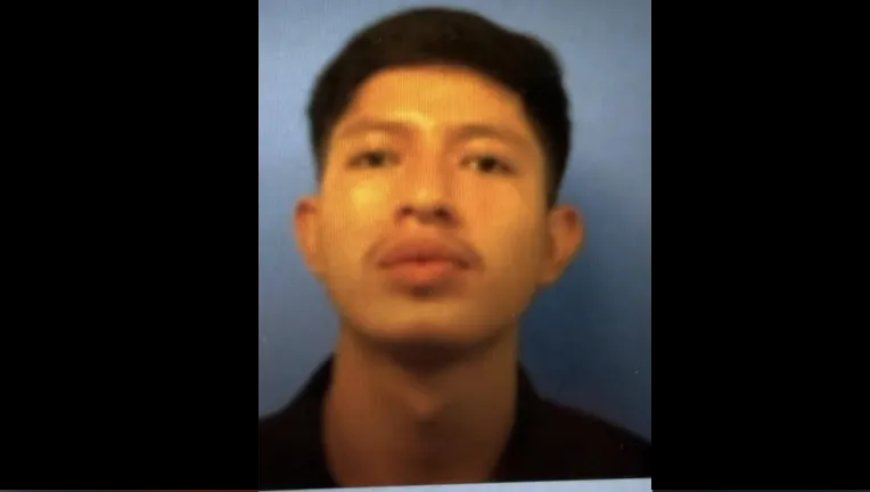 Troup deputies search for accused child molester Christian Joel Marcos Cortez who escaped jail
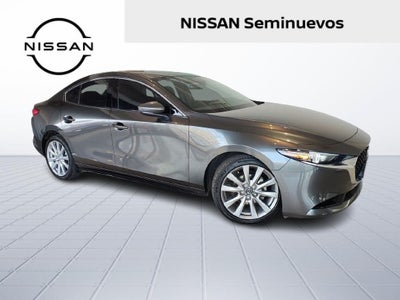 2023 Mazda MAZDA3 I GRAND TOURING SEDAN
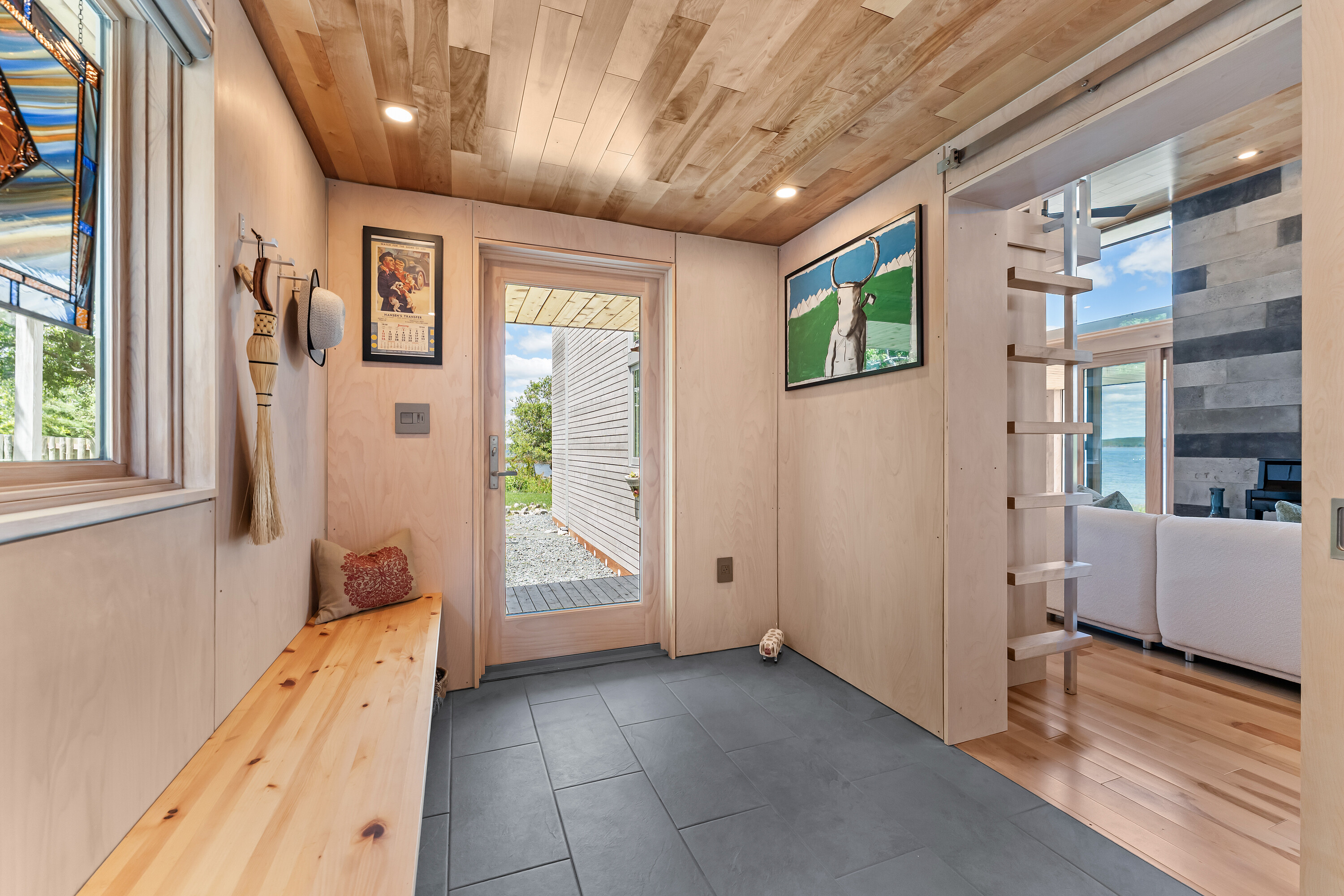 325 Long Cove Road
===============
* [HOW TO COMPLETE THIS TASK]: Restate verbatim the lines that begin at the one holding "2023 Mazda MAZDA3 I GRAND TOURING SEDAN" and end at the last line of the material. Exclude pictures.

* [ANSWER SECTION]:
 2023 Mazda MAZDA3 I GRAND TOURING SEDAN
 325 Long Cove Road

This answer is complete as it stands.